After a bruising 20 minutes, you would be left with a challenging tombola of quotes about, perhaps, an especially niche style of cinematography, whether the star might one day visit Latvia and a lot of bland waffle about how marvellous the director was. Getting a question of your own in was rare. Getting a good piece out of the results was rarer.
It is possible to make a living on such access, if you trot around all the festivals – Sundance, Berlin, Cannes, Venice, Toronto – and remain in favour with a couple of publications, and, most crucially, the publicists. A certain level of sycophancy is essential – and, happily, appears to be far from a stretch for many of the writers. Sereda’s Instagram page, for instance, is populated by wide-smiled selfies of her with assorted A-listers. These are posted in the event of a new interview, a new movie or their death.
Such unabashed celeb-worship is absolutely common practice in film journalism, even among the most respected Hollywood pundits. I remember one brilliant writer who would post a selfie with a recently deceased star with such speed after news broke of their death that the gesture morphed from the morbid into the faintly suspicious. Could it be that they were the common factor behind all these tragedies?
Thick skins, malleable standards and dribble: this is how a lot of this world works. Luckily, the Guardian is a publication with sufficient leverage that it does not need to rely on roundtable access – and would generally not accept it, unless for background, ahead of a 1:1. But much of the access that we are often offered and the circumstances of it is, still, sausage factory stuff: you probably don’t want to know.
Still: that roundtables persist is evidence of how much the film industry remains wedded to print publicity. Twenty years ago, the same ragbag quotes appearing in an Austrian broadsheet as well as, say, a Swedish film quarterly and an Australian celebrity magazine, would have gone unnoticed. Today, it makes much less sense, serving only to compress the schedules of stars, who are of course just as culpable as those they employ in agreeing to them. But despite the primacy of streamers and, more broadly, the whole tech-revolution of the past two decades, online versions of articles are of much less concern to publicists than the print version.

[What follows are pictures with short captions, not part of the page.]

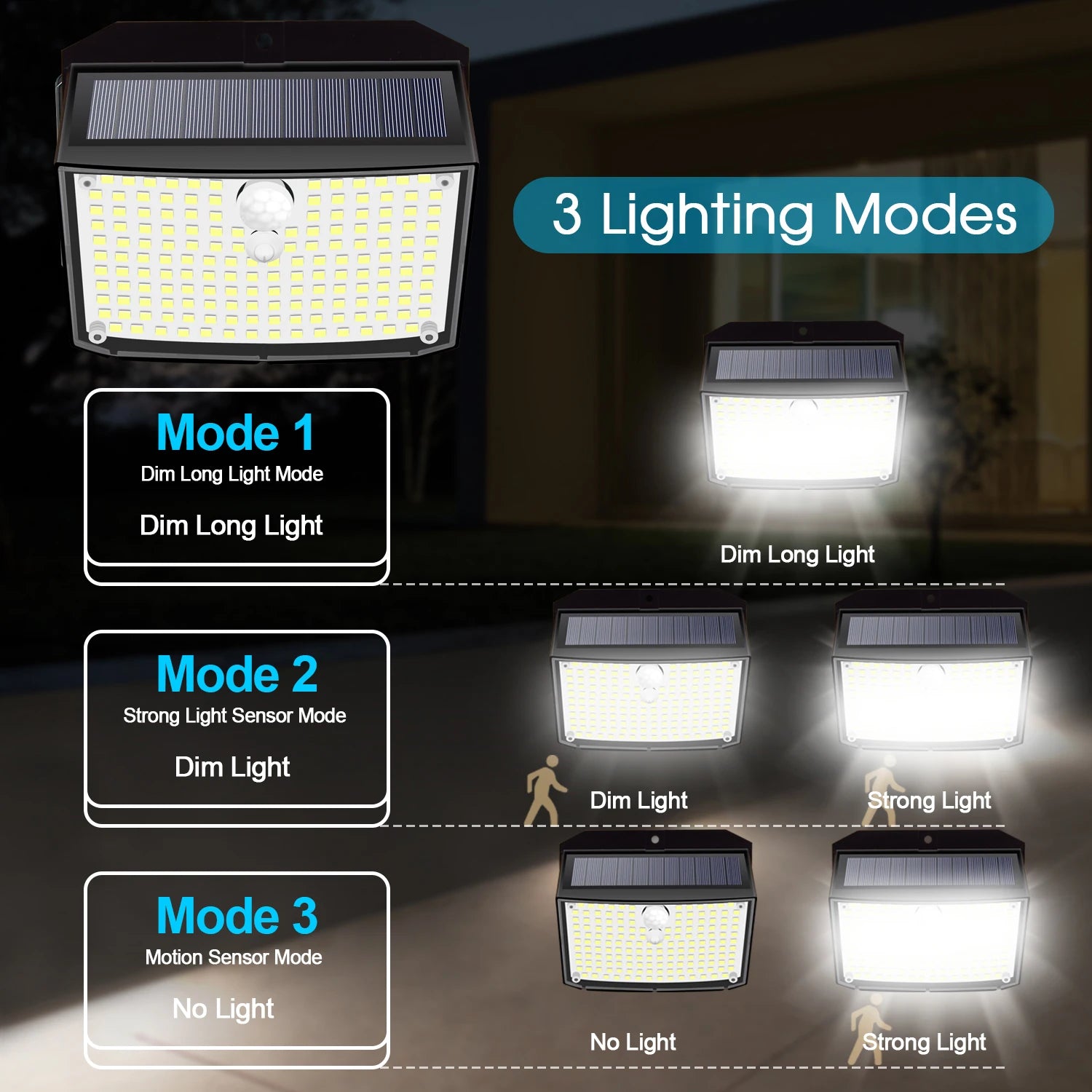 Applique Murale Solaire à 158 LED avec Détecteur de Mouvement, Imperméable et Sans Fil, Éclairage d'Extérieur, 3 Modes de Sécurité, Idéal pour un Jardin, une Clôture, une Cour, un Garage
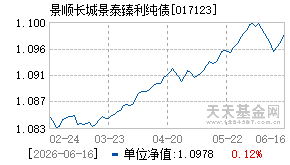 017123基金近期净值走势图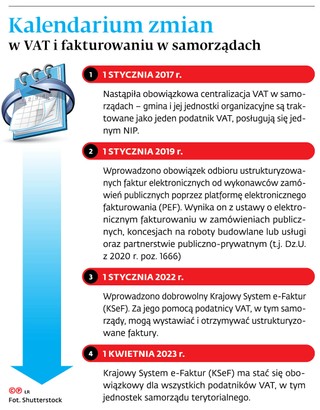 Kalendarium zmian w VAT i fakturowaniu w samorządach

Why? Because clients need presenting with something concrete, a hard glossy copy with a pre-approved photo of themselves on the cover – even if this is seen by perhaps 100th of the people who will read it online. That this is still the case is something I find very curious.
Yet maybe the clients are changing. It was, after all, none other than Eastwood himself who first flagged the dodginess of the Kurier article. He had, in fact, said all those things. He just hadn’t said them recently, or knowingly given an audience to that writer, for that newspaper.
A new interview with him would be gold-dust because Eastwood did not do press for his most recent movie, Juror #2, which went straight to streaming in the US, after rumours of a rift between the director and the incoming head of studio Warner, David Zaslav (Eastwood didn’t even show up to the premiere).
Was Eastwood – now shooting his new movie – concerned these historic quotes would be interpreted as a broadside against him? Or is he, in his 10th decade, simply paying more attention than the rest of us?